**RECORDS SHOWN**
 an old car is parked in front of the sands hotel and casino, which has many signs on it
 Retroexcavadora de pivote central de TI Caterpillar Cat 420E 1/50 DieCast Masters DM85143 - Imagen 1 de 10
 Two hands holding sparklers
---
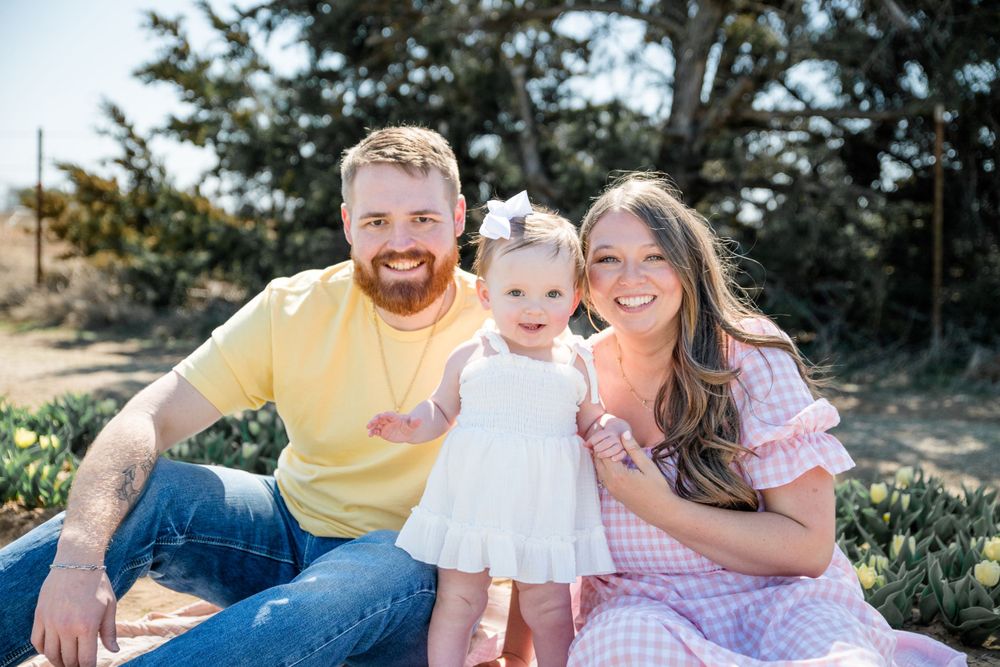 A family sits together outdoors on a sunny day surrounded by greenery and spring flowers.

**ACTIVITY**
Copy out only the lines of the records above from the one with "an old car is" through the one with "Two hands holding sparklers", exactly as they stand, both included.

**THE COMPLETED TASK**
 an old car is parked in front of the sands hotel and casino, which has many signs on it
 Retroexcavadora de pivote central de TI Caterpillar Cat 420E 1/50 DieCast Masters DM85143 - Imagen 1 de 10
 Two hands holding sparklers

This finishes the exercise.